Launchpad user Mike Pontillo(mpontillo) wrote on 2015-10-19T20:14:27.208211+00:00

Actually, I'll go ahead and mark this "Triaged"; it is a real bug, it just isn't as critical as we assumed.

To fix this bug, we should configure cloud-init to NOT call pollinate during enlistment (to avoid this spurious error).

As a follow-on fix, it might be a good idea for cloud-init to fall back to 'insecure" mode (or simply use the public CA roots in /etc/ssl/certs rather than a pinned chain) and log this as a warning, if the pinned certificate could not be validated.

ubuntu-server-builder commented 1 year ago

Launchpad user Karl(karl-martin2) wrote on 2015-10-19T20:24:07.082794+00:00

To get this working in my environment are there any suggestions to move forward?

ubuntu-server-builder commented 1 year ago

Launchpad user Scott Moser(smoser) wrote on 2015-10-20T16:17:35.697744+00:00

well, this will probably mess things up, but i'll attempt to explain a few things. The summary is that I'm almost certain this does not affect your maas enlistment or commissioning.

a.) maas images in 'released' are old. this is quite unfortunate, but the images there are out of date and need updating. We're looking into ways we can produce up to date images without risk of regression to users.

since this is old, 'pollinate' inside is old. And since it uses its own certificate, that fails to work. Any unpatched ubuntu image will show that error. It is "just" a warning though. This is why updating to daily got rid of the red-herring problem for you.

b.) cloud-init really has nothing to do with pollinate. It calls it is all. MAAS can instruct it not to call pollinate, but that may defeat the purpose that pollinate is serving. Note, seed is sometimes believed to be more useful in VMs which have less entropy, and maas is targetting hardware.
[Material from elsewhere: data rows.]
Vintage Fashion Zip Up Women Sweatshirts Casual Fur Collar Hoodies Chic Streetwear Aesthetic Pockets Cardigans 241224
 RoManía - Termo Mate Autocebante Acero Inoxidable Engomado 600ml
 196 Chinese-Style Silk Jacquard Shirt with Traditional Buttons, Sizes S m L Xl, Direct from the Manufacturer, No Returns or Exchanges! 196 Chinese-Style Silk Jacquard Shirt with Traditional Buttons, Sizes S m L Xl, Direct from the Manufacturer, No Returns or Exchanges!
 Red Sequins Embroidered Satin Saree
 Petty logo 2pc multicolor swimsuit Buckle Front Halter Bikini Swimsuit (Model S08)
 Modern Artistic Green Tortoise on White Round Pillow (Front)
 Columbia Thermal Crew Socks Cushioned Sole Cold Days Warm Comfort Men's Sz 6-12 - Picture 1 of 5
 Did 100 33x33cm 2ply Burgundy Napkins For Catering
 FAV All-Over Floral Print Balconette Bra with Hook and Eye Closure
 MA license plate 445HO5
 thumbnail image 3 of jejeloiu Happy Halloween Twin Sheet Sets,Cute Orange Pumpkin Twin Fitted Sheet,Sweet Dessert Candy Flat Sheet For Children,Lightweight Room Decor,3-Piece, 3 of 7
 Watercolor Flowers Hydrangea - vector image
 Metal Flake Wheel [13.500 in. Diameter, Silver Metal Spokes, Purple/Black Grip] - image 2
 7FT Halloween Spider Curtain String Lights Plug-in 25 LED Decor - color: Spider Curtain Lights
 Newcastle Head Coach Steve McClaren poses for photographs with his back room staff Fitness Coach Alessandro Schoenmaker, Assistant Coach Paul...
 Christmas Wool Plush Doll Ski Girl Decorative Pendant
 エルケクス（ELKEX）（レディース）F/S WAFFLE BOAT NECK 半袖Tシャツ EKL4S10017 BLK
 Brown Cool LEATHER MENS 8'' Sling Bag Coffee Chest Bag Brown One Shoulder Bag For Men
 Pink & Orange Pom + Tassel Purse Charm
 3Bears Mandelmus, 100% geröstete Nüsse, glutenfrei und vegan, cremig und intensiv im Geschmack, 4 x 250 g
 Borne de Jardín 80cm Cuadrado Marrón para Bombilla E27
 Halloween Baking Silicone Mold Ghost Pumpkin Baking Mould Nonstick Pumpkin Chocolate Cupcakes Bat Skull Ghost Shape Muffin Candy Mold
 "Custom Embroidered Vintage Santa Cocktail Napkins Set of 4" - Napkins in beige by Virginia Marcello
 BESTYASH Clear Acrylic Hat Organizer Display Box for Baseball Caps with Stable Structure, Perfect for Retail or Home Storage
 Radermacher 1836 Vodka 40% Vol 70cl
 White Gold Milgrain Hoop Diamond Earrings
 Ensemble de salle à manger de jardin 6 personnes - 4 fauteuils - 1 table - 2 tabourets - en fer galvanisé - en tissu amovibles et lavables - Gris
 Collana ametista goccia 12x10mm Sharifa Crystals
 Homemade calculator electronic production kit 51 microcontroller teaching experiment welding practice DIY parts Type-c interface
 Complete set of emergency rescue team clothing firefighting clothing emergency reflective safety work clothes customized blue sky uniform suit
So, in the case where maas is pointed at "real hardware", disabling pollinate may be less harmful. (note, i'm not speaking as a qualified security engineer here).

c.) we should probably add to maas metadata service some random seed. This would alleviate 'b' as then we would be getting a random seed from somewhere.

d.) I've submitted merge proposal to document random_seed better at https://code.launchpad.net/~smoser/cloud-init/trunk.doc-seedrandom/+merge/275062

ubuntu-server-builder commented 1 year ago

Launchpad user Andres Rodriguez(andreserl) wrote on 2015-10-20T17:57:09.179036+00:00

Hi Karl,

In one of your comments i see "eventually I see connection failures to archive.ubuntu.com". That seems that the reason why it may be failing it is actually because it cnanot connect to the archive.

  1. are you sure maas-proxy is running ? logs are in /var/log/maas/proxy/*.log.
  2. The reason it may be failing to access the proxy is because of a missing upstream DNS> Have you set an upstream DNS?
ubuntu-server-builder commented 1 year ago

Launchpad user Andres Rodriguez(andreserl) wrote on 2017-11-02T21:39:02.925684+00:00

I believe that his is no longer an issue. I'm going to mark this bug as Invalid. Please re-open if you believe the issue still exists or file a new one.